Talía Osorio, una antropóloga de 44 años, vivía en un exclusivo barrio de Bogotá. Decidió mudarse con su familia por el sonido que emitían los extractores de un restaurante-bar contiguo. “Sonaba como si tuvieras un aeropuerto al lado”, describe. El establecimiento colindaba con la habitación de sus dos bebés de pocos meses. “El desplazamiento por ruido empieza a ocurrir dentro de la vivienda, hasta que terminamos hacinados en un solo cuarto”, recuerda. Aunque interpuso un sinnúmero de quejas, no hubo quién la defendiera.
Ahora lidera “Activos x el ruido”, un movimiento que denuncia casos de personas que se declaran víctimas del ruido. “El ruido no tiene partido político ni estrato; enferma, desplaza y mata. Somos víctimas por la falta de voluntad política. El ruido reina porque muchos de los ruidosos son comercios que generan plata”, señala. Según derechos de petición que ese grupo expuso en una audiencia pública ante el Concejo Distrital, pese a que el ruido es una de las principales causas de conflictos entre vecinos, menos del 1% de las casi 1.000 llamadas diarias que recibe la línea de atención de emergencias terminan en sanciones, así como menos del 5% de las quejas que llegan a las alcaldías locales. “Es una inatención masiva.

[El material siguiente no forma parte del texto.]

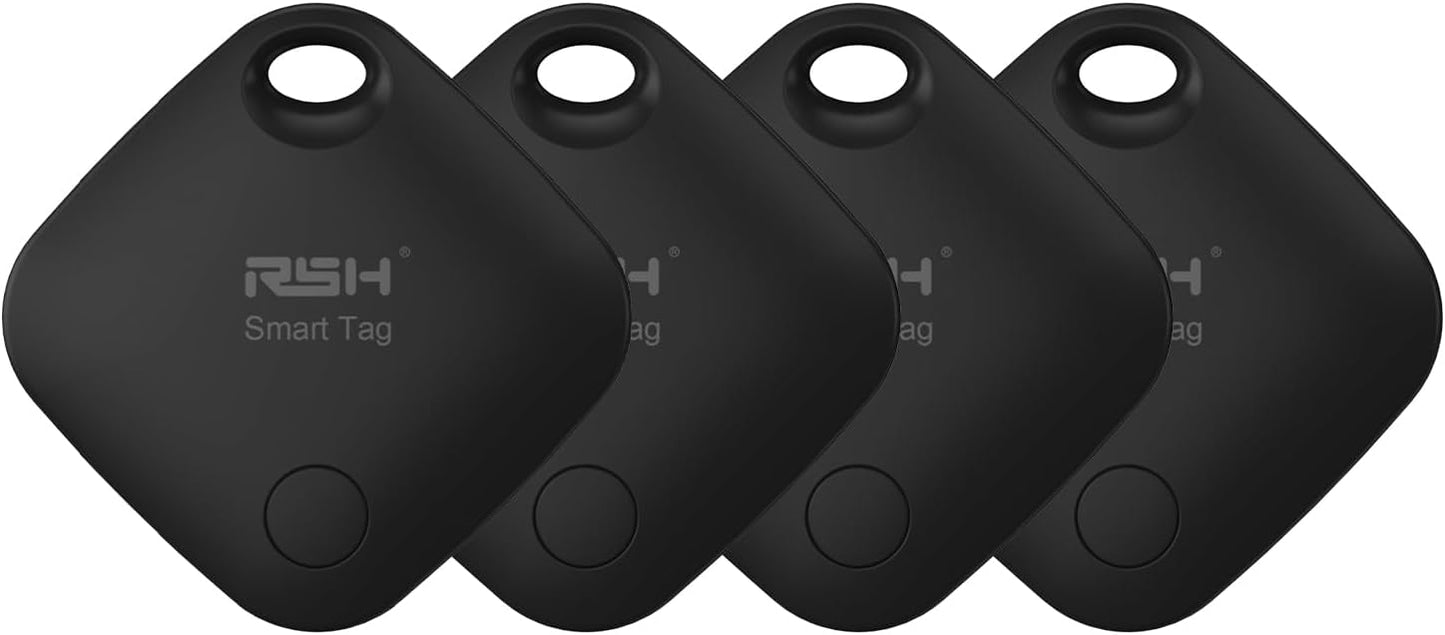 Air Tracker Tags 4 Pack (iOS Only, Not for Android) Bluetooth Luggage Tracker Tags Works with Apple Find My, Key Finder and Item Locator for Luggage, Backpack, Suitcases, Replaceable Battery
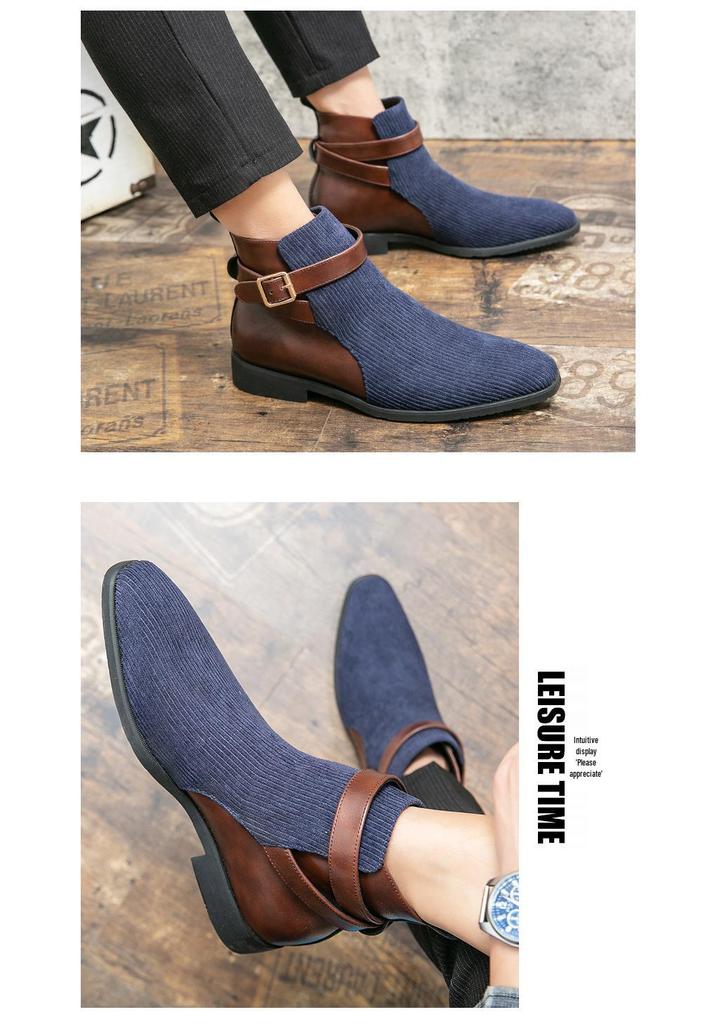 Men's Plus Size High-Top Leather Boots: Korean Style Trendy British Casual Retro Design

El Estado genera políticas sobre el uso del suelo, pero sin regulación real. Cuando la gente denuncia, la dilación, negligencia y corrupción son tan altas que la gente es víctima de un desplazamiento generado por las mismas autoridades”, reclama.

Parte del problema, considera Osorio, es el uso mixto del suelo que ha permitido abrir establecimientos en zonas residenciales. “A veces se registra como un problema de percepción y no, es un problema de salud muy serio. Mis defensas se bajaron por el estrés tan terrible, no puedes dormir, estar ni pensar. Es una tortura”, dice.
Páez, el director de control ambiental, explica que la ley contra el ruido que se aprobó en marzo de este año permite imponer medidas preventivas sin necesidad de hacer mediciones de decibeles. “Hemos coordinado con autoridades locales y de Policía para suspender las actividades cuando no hay sistemas de control. Por ejemplo, si un bar no tiene barreras de sonido o tiene amplificadores hacia la vía pública”, precisa. Sin embargo, las sanciones definitivas como cierres pueden tomar meses, incluso años. “El control ambiental no busca que no haya entretenimiento nocturno, sino que se haga de manera respetuosa”, remarca el funcionario.
El silencio no debería depender de la posición social o del lugar que se habita, concluye Ávila, el académico. “Debemos darle importancia al silencio. Eso parte de la planeación urbana y los controles efectivos”, declara. “Al final, de lo que estamos hablando es del derecho a la dignidad”, puntualiza Osorio.